● **Task objective**: What you return must match the listing below character for character, minus any pictures.

● **Data below**:
# # #

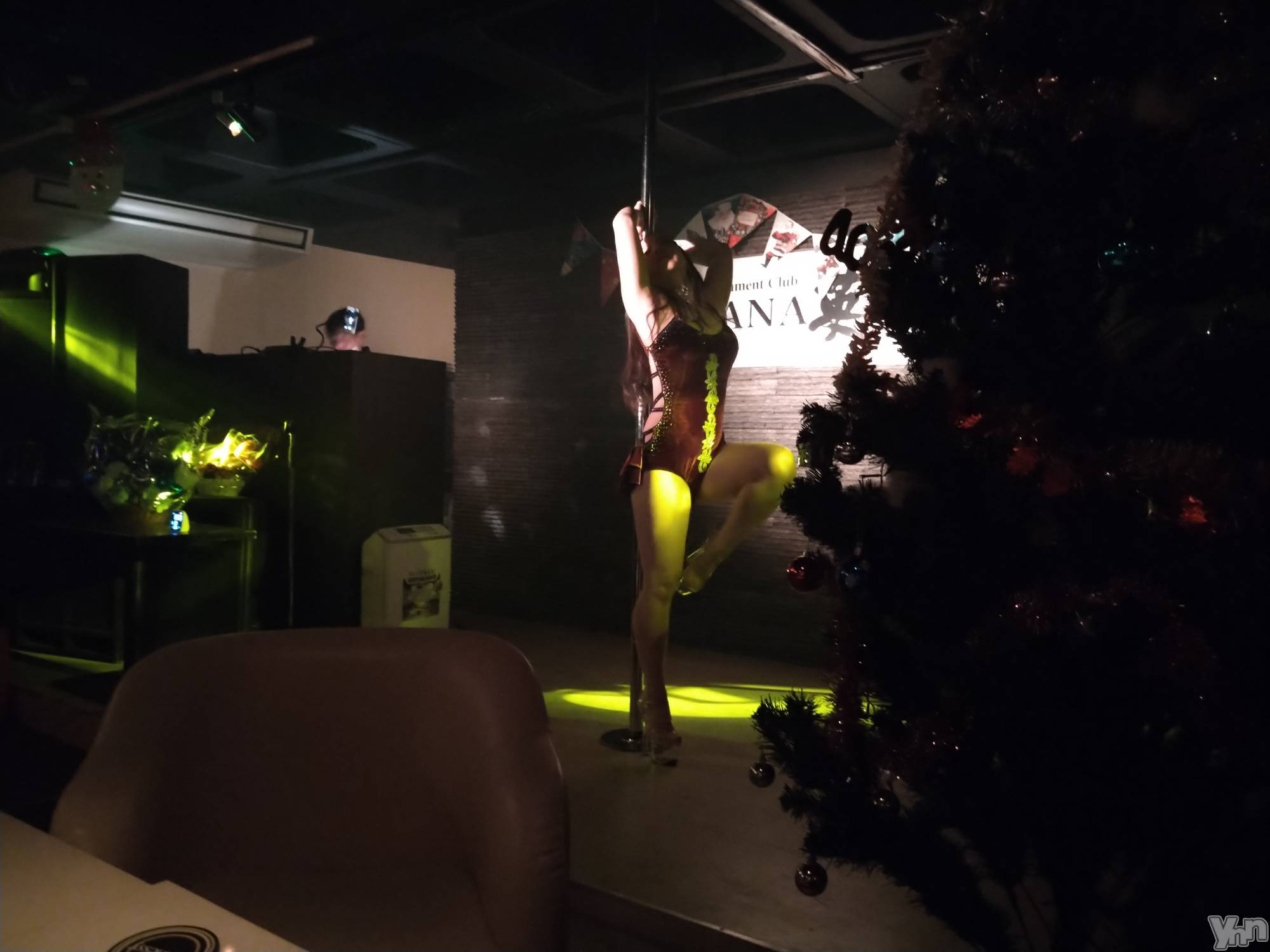 ���ܥ���Х��顦�����Entertainment Club HANA��BUSA(���󥿡��ƥ����ȥ���֡��ϥʥ֥�) ��2021ǯ12��4���̥�֥�����PaulDancer��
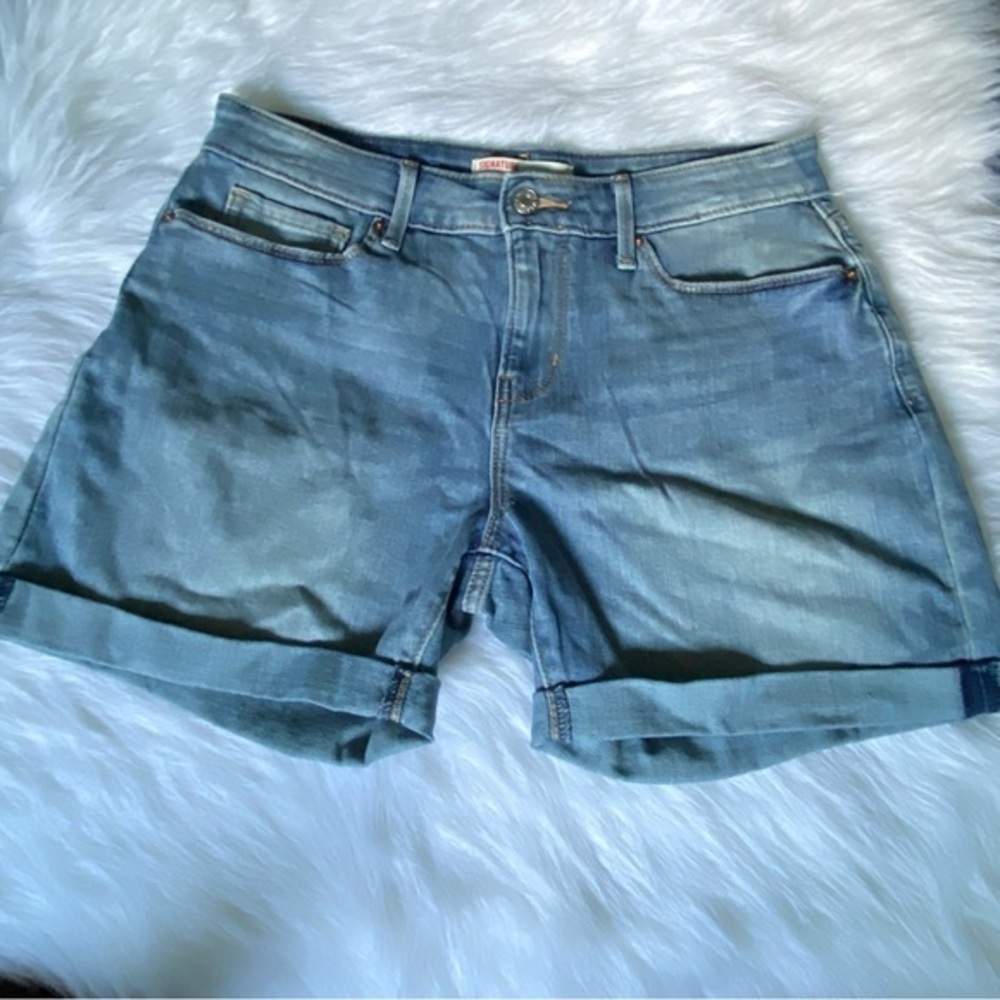 Levi’s Strauss‎ Shorts Size W27 Mid Rise Women’s Denim  Blue New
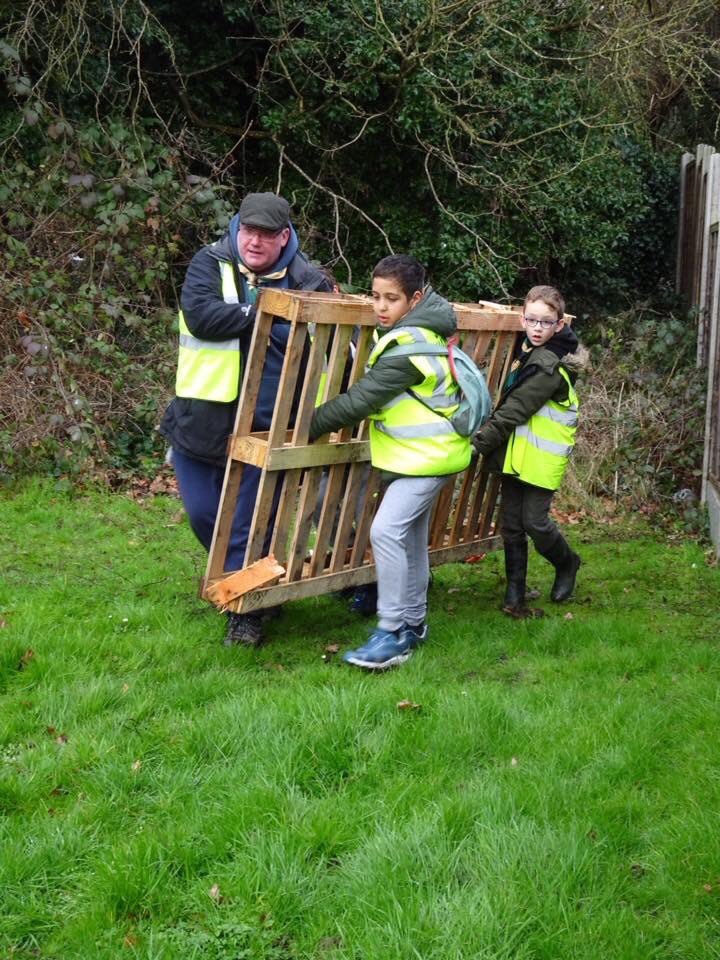 2ndSAScoutGroup's tweet photo. Well done to the Cubs &amp; Scouts who spent yesterday am litter clearing the edge of Littleheath Woods &amp; Edgecombe....#community #loveselsdon #dontmesswithcroydon #skillsforlife https://t.co/QyLyfApqYO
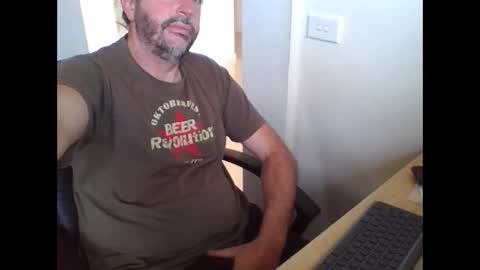 melbguy_075 online show from December 9, 6:13 am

# # #

● **Response box**:
 ���ܥ���Х��顦�����Entertainment Club HANA��BUSA(���󥿡��ƥ����ȥ���֡��ϥʥ֥�) ��2021ǯ12��4���̥�֥�����PaulDancer��
 Levi’s Strauss‎ Shorts Size W27 Mid Rise Women’s Denim  Blue New
 2ndSAScoutGroup's tweet photo. Well done to the Cubs &amp; Scouts who spent yesterday am litter clearing the edge of Littleheath Woods &amp; Edgecombe....#community #loveselsdon #dontmesswithcroydon #skillsforlife https://t.co/QyLyfApqYO
 melbguy_075 online show from December 9, 6:13 am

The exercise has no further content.